Ven. Sāriputta puts your three "types" of suffering slightly differently:
“There are these three forms of stressfulness, my friend: the
stressfulness of pain, the stressfulness of fabrication, the
stressfulness of change. These are the three forms of stressfulness.”
Sāriputta's three "forms" correspond to the three groups (delimited by semicolons) of stress described by the Buddha , except that the order changes here to change; pain; fabrication:
Birth is stressful, aging is stressful, death is stressful; sorrow,
lamentation, pain, distress, & despair are stressful; association with
the unbeloved is stressful, separation from the loved is stressful,
not getting what is wanted is stressful.
But if you think about the list enough, you may see that fabrication (the third group) points to the origination of stress, and it's also key to comprehending stress.
And comprehending stress is the first duty of the first noble truth. Once you can begin to comprehend the stress created in / by your own mind, you will become more dispassionate, more detached, and suffer less from the process.

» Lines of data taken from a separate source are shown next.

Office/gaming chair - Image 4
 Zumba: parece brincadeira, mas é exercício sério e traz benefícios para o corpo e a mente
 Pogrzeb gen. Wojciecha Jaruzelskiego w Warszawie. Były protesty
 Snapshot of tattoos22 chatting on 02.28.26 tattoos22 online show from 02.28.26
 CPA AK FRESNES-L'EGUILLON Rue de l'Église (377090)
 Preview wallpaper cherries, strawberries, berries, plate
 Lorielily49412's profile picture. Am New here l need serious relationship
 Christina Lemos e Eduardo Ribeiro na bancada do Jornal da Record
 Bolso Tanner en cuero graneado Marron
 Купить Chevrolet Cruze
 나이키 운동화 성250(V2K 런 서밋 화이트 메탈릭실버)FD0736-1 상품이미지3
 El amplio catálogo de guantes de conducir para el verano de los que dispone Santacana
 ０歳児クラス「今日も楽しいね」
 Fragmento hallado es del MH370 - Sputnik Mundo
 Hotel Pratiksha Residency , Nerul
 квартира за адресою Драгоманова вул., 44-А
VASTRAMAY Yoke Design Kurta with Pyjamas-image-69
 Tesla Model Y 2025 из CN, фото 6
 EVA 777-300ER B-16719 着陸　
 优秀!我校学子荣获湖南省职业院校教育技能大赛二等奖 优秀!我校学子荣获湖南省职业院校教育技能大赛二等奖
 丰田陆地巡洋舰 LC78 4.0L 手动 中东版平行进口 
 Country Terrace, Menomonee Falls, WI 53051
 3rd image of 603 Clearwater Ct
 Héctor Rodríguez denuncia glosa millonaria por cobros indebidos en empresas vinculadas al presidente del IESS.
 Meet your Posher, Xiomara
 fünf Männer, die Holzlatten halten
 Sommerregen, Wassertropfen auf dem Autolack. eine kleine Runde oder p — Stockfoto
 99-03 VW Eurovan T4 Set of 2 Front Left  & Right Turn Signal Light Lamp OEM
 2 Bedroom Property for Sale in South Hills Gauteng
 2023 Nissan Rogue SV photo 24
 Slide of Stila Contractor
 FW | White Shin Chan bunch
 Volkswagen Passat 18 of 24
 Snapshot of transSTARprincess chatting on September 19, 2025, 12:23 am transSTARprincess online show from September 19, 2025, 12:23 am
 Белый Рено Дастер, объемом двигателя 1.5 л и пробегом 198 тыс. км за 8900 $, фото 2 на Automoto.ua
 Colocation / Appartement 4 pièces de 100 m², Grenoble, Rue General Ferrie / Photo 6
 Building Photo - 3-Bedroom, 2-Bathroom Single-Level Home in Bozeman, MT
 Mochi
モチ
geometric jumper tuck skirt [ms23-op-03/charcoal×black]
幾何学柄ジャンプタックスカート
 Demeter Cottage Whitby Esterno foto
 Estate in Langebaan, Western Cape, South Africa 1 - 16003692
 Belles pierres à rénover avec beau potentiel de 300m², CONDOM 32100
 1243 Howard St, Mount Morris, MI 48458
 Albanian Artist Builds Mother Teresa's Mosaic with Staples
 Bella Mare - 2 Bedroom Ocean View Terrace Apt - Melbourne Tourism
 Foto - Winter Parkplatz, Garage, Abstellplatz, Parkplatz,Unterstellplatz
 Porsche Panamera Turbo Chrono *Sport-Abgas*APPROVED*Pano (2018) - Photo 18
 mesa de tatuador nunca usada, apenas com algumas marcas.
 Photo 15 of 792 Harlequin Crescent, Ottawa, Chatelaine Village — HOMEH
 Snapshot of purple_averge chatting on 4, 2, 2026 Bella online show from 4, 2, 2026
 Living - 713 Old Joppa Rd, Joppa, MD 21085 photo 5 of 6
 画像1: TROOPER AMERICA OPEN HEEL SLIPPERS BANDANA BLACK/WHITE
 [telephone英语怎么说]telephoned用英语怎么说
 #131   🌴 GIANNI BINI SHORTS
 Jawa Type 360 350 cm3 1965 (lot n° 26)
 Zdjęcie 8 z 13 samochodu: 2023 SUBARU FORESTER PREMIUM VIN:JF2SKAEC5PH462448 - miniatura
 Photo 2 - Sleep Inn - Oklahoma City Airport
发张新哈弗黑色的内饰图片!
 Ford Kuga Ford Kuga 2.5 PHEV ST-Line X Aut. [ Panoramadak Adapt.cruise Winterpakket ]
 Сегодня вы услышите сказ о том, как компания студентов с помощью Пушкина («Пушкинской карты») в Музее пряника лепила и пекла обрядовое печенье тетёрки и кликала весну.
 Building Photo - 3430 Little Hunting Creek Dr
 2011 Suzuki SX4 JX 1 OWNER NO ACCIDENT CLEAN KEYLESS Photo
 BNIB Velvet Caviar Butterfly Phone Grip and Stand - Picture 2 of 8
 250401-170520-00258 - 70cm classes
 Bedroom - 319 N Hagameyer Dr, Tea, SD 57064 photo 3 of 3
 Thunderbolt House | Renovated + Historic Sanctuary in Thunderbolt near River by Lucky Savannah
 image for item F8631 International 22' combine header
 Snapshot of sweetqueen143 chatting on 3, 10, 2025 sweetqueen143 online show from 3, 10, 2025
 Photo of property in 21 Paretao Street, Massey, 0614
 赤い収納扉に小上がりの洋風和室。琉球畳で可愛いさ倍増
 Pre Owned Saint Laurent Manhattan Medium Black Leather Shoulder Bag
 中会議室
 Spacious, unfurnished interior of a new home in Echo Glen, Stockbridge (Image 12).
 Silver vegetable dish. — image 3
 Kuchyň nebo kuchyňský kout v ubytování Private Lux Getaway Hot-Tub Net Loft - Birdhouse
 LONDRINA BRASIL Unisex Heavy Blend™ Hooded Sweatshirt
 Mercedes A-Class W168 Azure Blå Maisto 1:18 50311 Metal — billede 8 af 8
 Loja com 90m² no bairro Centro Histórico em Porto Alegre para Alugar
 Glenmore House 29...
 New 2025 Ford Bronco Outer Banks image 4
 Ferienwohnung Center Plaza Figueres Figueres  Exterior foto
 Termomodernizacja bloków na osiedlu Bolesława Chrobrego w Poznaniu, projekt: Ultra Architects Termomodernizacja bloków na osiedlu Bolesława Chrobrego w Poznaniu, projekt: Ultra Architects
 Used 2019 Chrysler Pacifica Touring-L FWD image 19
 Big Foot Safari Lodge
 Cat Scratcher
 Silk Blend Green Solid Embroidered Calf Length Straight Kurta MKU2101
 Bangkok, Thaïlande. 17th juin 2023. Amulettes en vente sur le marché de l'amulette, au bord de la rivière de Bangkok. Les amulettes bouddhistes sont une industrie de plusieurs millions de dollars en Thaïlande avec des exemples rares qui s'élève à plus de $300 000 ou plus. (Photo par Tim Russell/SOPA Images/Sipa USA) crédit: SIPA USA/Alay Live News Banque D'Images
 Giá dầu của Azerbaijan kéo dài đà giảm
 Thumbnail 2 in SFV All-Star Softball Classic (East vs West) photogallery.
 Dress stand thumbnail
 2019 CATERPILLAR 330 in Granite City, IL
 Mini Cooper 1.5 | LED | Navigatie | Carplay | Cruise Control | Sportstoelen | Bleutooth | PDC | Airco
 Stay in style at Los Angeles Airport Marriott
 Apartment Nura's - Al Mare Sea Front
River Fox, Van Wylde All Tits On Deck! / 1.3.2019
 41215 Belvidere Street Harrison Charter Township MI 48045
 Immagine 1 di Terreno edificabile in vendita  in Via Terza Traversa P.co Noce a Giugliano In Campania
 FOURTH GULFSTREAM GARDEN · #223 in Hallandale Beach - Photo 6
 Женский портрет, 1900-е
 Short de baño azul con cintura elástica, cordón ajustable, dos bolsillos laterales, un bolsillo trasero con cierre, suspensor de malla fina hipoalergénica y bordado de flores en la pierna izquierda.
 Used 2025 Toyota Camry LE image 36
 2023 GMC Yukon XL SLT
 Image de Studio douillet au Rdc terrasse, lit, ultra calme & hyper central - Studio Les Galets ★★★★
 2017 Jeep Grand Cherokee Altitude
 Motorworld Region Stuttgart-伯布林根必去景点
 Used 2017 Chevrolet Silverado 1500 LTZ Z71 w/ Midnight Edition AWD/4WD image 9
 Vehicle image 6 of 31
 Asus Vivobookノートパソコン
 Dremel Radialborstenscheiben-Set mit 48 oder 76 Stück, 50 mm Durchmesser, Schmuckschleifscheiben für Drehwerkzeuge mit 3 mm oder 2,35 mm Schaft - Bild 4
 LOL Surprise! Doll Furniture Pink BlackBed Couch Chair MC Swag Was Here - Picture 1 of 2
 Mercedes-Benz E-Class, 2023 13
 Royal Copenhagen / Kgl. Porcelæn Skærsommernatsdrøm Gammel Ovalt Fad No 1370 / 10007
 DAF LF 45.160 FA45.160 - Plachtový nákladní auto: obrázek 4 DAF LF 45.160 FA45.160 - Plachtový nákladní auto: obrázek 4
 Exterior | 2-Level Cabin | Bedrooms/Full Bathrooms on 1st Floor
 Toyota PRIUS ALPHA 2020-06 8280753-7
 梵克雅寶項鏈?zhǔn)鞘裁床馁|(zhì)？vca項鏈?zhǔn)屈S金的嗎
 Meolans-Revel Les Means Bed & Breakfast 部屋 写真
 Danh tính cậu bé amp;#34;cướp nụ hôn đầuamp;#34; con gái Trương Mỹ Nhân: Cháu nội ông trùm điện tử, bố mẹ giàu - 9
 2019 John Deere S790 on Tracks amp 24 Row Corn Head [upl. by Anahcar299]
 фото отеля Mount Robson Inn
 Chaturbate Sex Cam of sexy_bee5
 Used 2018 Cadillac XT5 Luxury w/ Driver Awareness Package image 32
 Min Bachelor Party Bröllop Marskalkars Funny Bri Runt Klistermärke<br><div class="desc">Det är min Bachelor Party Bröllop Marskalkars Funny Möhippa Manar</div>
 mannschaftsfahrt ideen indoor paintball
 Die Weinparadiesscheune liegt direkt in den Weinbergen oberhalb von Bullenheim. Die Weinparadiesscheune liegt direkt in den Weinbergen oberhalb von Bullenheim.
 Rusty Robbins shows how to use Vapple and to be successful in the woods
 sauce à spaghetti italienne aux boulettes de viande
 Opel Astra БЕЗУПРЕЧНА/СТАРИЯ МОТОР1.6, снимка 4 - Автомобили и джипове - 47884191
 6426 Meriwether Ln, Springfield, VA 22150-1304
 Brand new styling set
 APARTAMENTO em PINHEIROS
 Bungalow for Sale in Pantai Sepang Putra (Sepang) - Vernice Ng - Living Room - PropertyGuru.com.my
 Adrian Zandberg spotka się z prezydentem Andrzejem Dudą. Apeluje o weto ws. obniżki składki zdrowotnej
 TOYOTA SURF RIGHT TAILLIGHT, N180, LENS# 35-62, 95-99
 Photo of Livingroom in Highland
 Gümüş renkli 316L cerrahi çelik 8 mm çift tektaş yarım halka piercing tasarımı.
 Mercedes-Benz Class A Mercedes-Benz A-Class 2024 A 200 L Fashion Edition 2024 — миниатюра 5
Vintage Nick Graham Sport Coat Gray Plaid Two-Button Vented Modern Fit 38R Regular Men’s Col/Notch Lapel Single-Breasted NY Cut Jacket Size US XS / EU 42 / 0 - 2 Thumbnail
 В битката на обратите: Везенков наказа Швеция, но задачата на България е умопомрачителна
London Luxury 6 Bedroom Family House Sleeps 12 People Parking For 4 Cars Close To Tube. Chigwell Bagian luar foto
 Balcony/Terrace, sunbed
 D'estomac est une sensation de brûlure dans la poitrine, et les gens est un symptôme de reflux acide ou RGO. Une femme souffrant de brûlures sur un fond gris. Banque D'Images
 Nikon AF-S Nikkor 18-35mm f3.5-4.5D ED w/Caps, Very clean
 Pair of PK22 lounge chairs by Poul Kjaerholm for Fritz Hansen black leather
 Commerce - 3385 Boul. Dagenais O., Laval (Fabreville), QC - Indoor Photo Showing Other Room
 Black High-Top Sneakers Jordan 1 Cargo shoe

You asked for a way to reduce stress without doing meditation, I just gave you it. But if you want to really know for yourself, you have to watch your mind creating stress — that's the main purpose of meditation.
PS. The Buddha details the stress of fabrication in his explanation of not getting what is wanted:
“And what is the stress of not getting what is wanted? In beings
subject to birth, the wish arises, ‘O, may we not be subject to birth,
and may birth not come to us.’ But this is not to be achieved by
wishing. This is the stress of not getting what is wanted. In beings
subject to aging… illness… death… sorrow, lamentation, pain, distress,
& despair, the wish arises, ‘O, may we not be subject to aging…
illness… death… sorrow, lamentation, pain, distress, & despair, and
may aging… illness… death… sorrow, lamentation, pain, distress, &
despair not come to us.’ But this is not to be achieved by wishing.
This is the stress of not getting what is wanted."